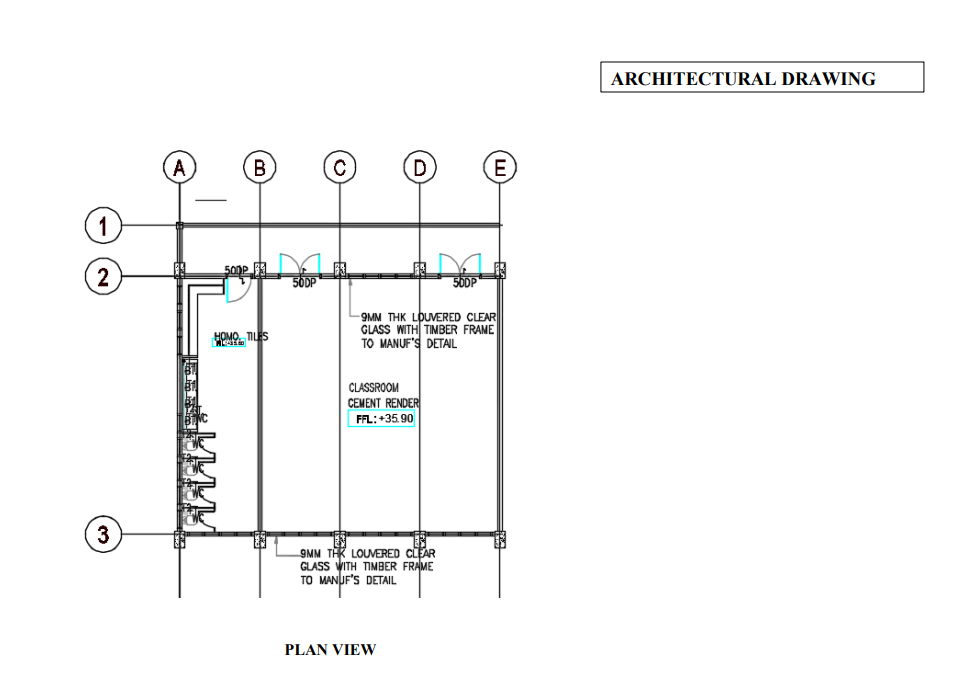 Solved The diagram attached shows a plan view, section A-A | Chegg.com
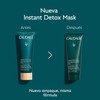 CAUDALIE Instant Detox Mascarilla de Arcilla Rosa, Limpia Poros -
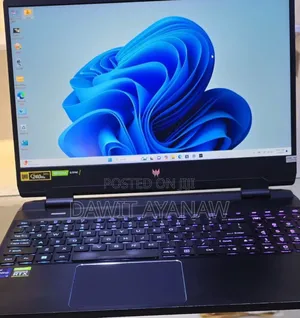 New Laptop Acer Predator Helios 300 16GB Intel Core I9 SSD 1T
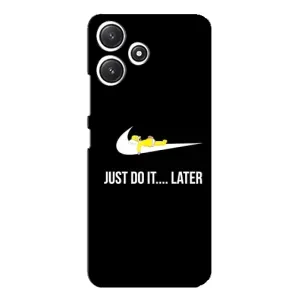 Чjхол з Сімпсонами для Xiaomi POCO M6 (VPrint) (Гомер Later)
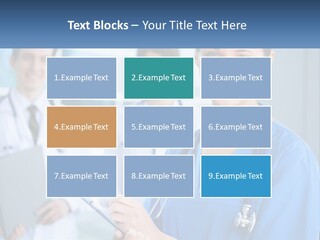 Model Business Background PowerPoint Template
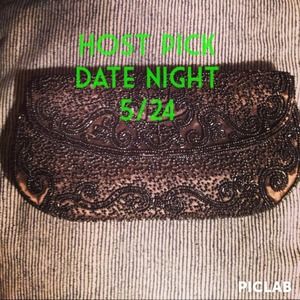 VINTAGE  beaded clutch sale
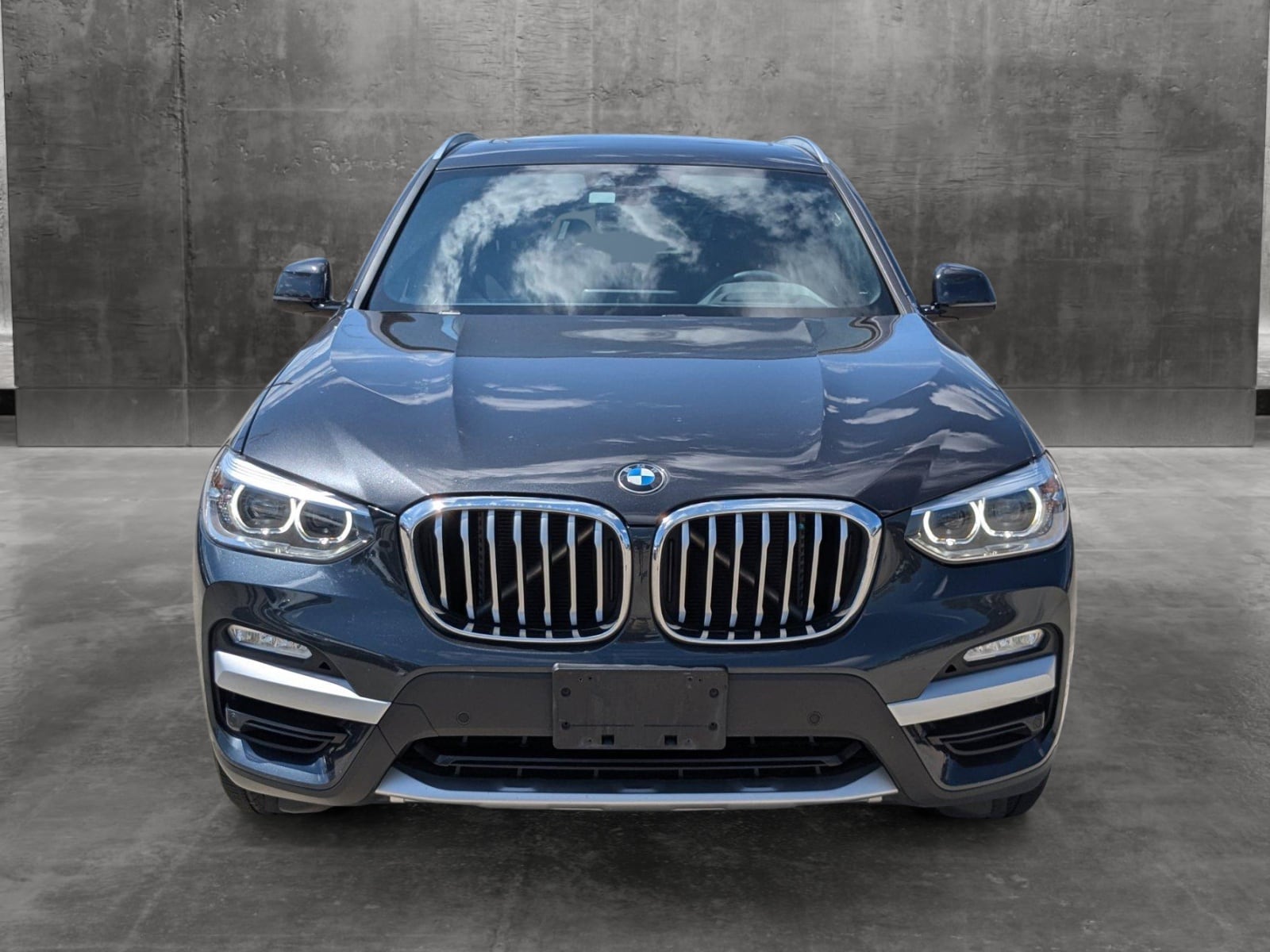 Used 2019 BMW X3 30i with VIN 5UXTR7C50KLF37781 for sale in Houston, TX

○ ○ ○ ○

THE TASK
From the line with "beaded clutch sale" through the final line of the records above, return each line exactly and nothing else. Pictures are to be skipped.

RESPONSE TO THE EXERCISE
 VINTAGE  beaded clutch sale
 Used 2019 BMW X3 30i with VIN 5UXTR7C50KLF37781 for sale in Houston, TX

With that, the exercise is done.